Georgian anti-gay activists warn of tougher line

by | Mar 25, 2014
anti LGBT demonstrators Tbilisi 2013-05-17

May 17, 2013, thousands of anti-gay activists disrupted a small peaceful demonstration in Tbilisi to mark the international day against homophobia. (Interpressnews.)

TBILISI, DFWatch–Anti-gay activists and clerics want to be more tough toward LGBT rights activists if the latter demonstrate for their rights on May 17, on the one-year anniversary of a violent attacks on them organized by Orthodox priests.

Pressed with multiple threats, the LGBT community in Georgia has not yet decided how to commemorate the international day against homophobia this year, and aren’t even sure whether to organize any event at all.

Basil Akhvlediani, archpriest at Akaurta Sioni Church, said: “If the May 17 [2013] events were not enough, the situation can get worse this year.”

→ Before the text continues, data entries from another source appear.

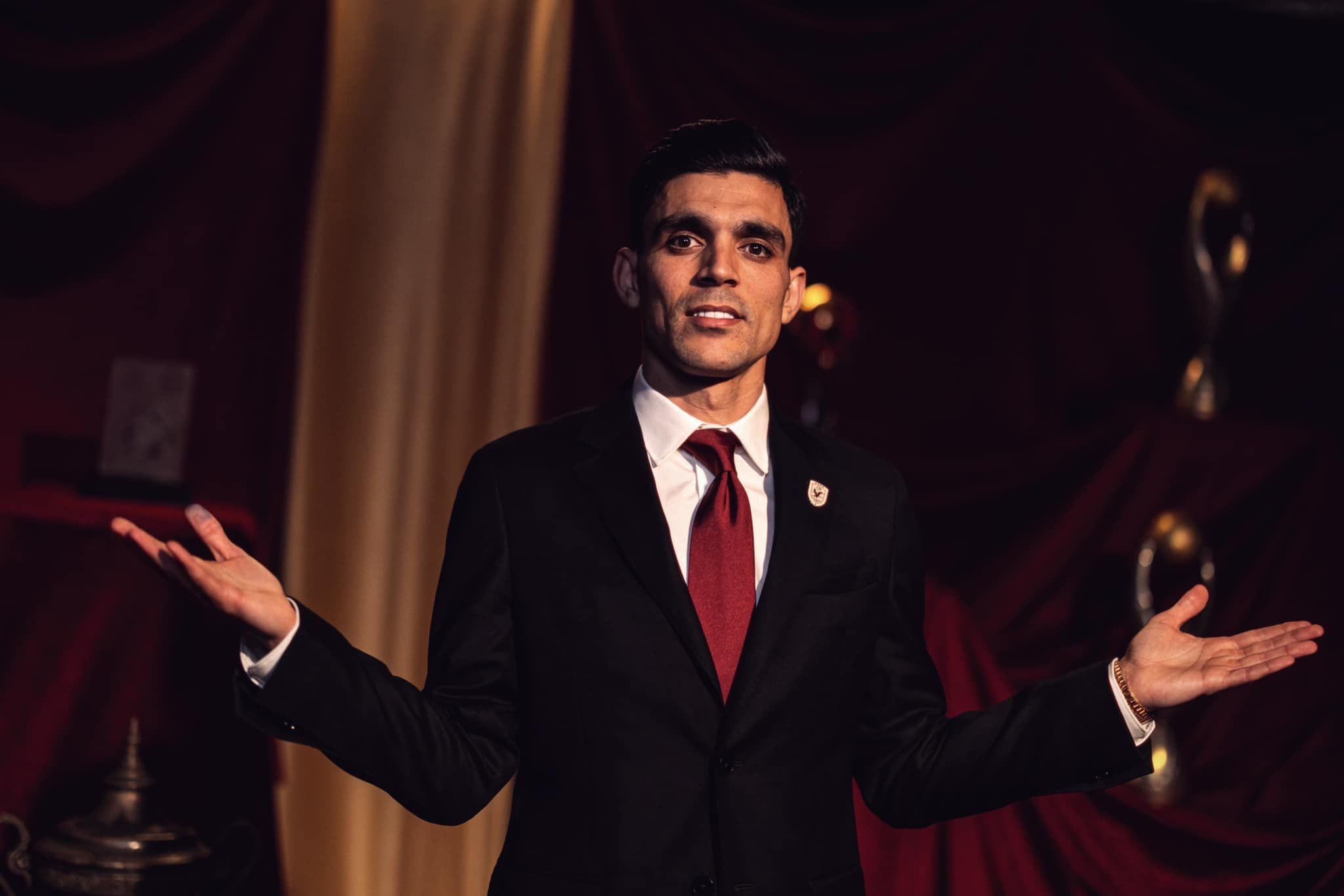 صور جديدة من مراسم تقديم أشرف بن شرقى فى الأهلي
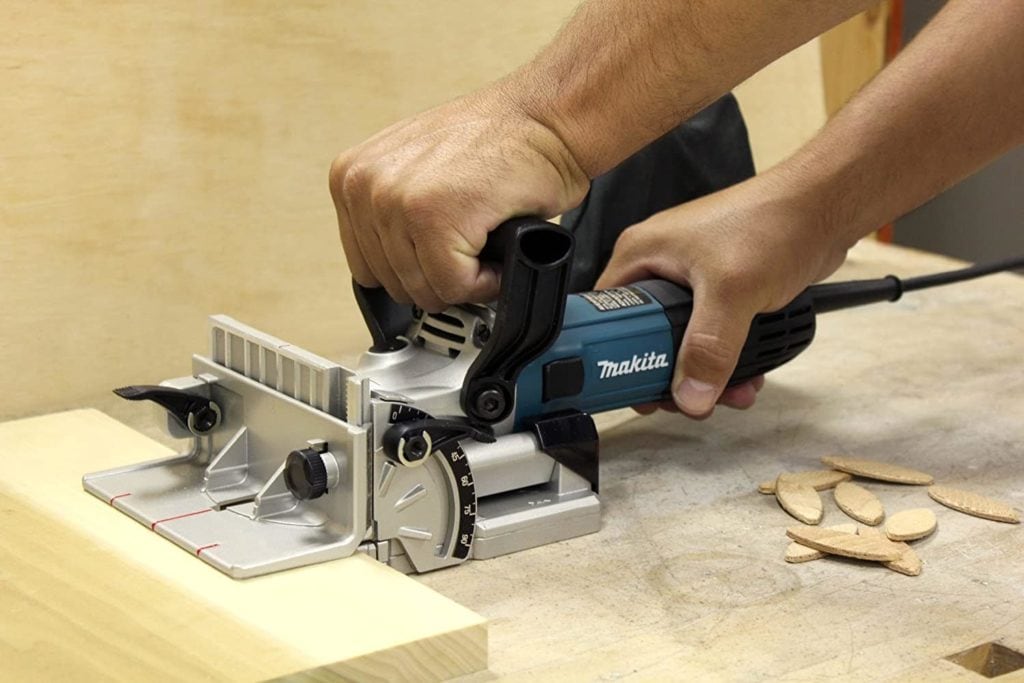 using Makita PJ7000 Plate Joiner
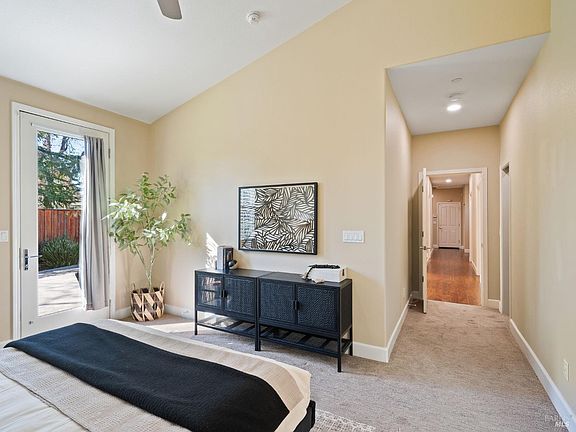 4th image of 1924 Northfield Drive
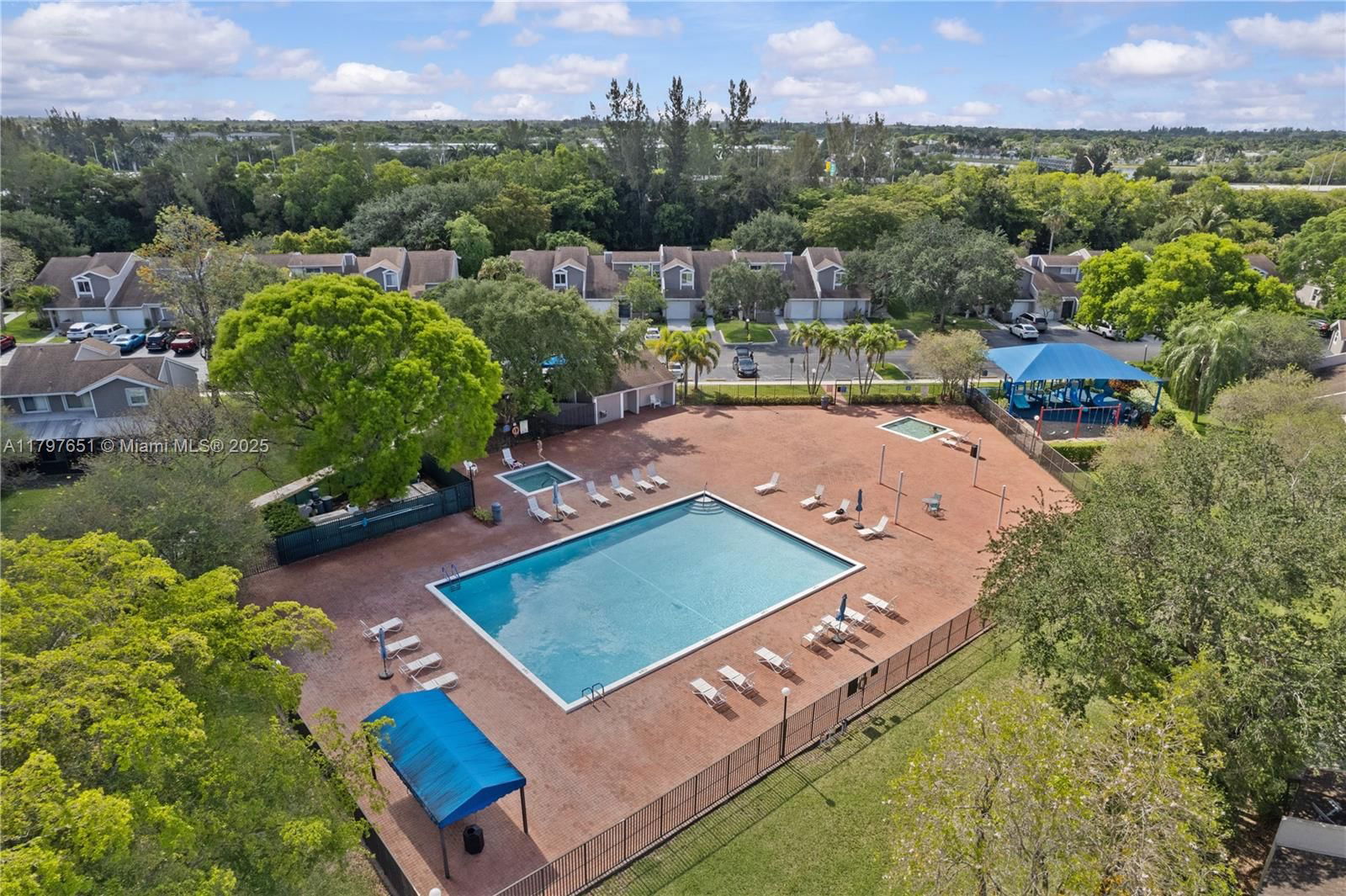 Real estate property located at 15712 Woodgate Ct B, Broward, Woodgate Condominium 33, Sunrise, FL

On May 17, 2013, a small group of LGBT supporters organized a silent demonstration dedicated to the international day against homophobia, but several thousand anti-gay activists including radical Orthodox Christians and clerics, attacked them.

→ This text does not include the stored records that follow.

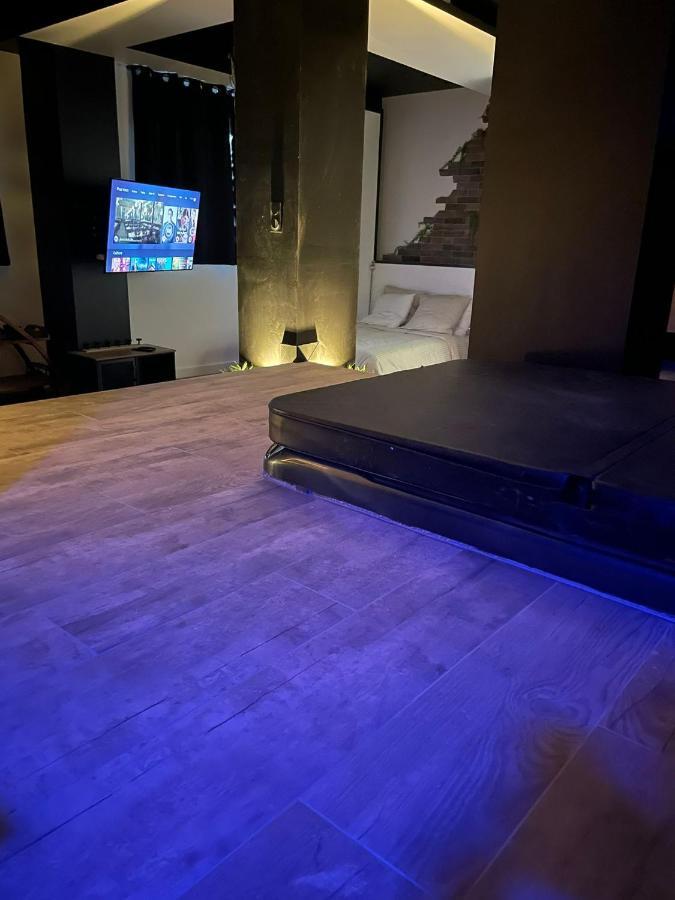 La Suite Grenoble Spa Jacuzzi Et Sauna Privatif المظهر الخارجي الصورة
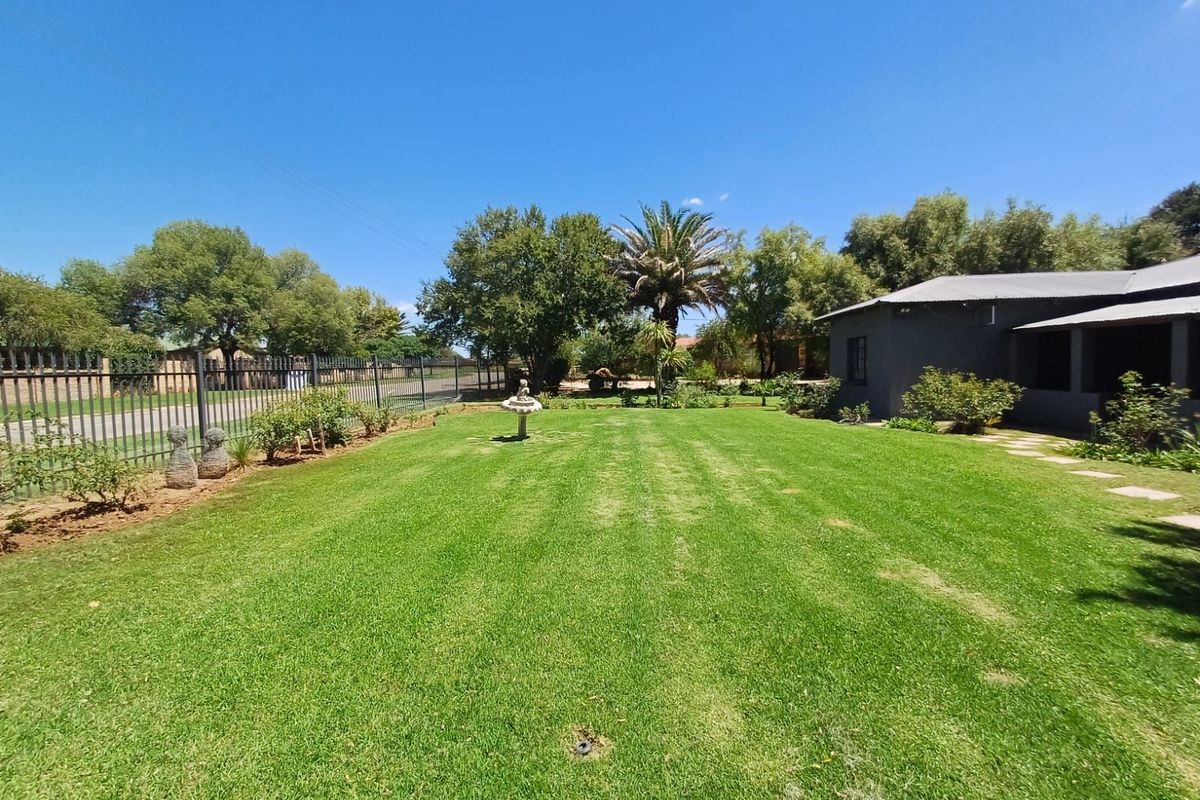 House For Sale in Wolmaransstad Central - Photo 4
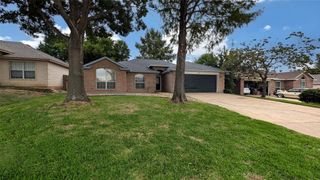 1604 Fern Drive, Mansfield, TX 76063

28 persons, including journalists and policemen were injured.

In a survey of human rights protection, the US State Department criticized Georgian police for not protecting the Georgian LGBT demonstrators.

Then Prime Minister Bidzina Ivanishvili responded by saying that the police rescued people from physical abuse, as ‘these people [LGBT] have always been beaten in Georgia.’

Georgia’s treaty with the EU, the Association Agreement, has become entangled in this debate, as Orthodox activists see it as promoting gay rights. The treaty, which is expected to be signed by June this year, will include criteria like guaranteeing democracy, the rule of law, human rights, respect for and protection of minorities.

„In order to implement their aggressive propaganda, they [LGBT advocates] try to summon the international society,” Basil Akhvlediani said. “EU and NATO membership can be considered suicide.”

Natia Kharatishvili, representative of Identoba, a group that advocates LGBT rights in Georgia and organized the May 17 demonstration, told DFWatch that they don’t have any plans, as it’s quite early yet.

“We don’t know what the organization will do for May 17 this year; it’s possible we don’t commemorate it at all,” Kharatishvili said.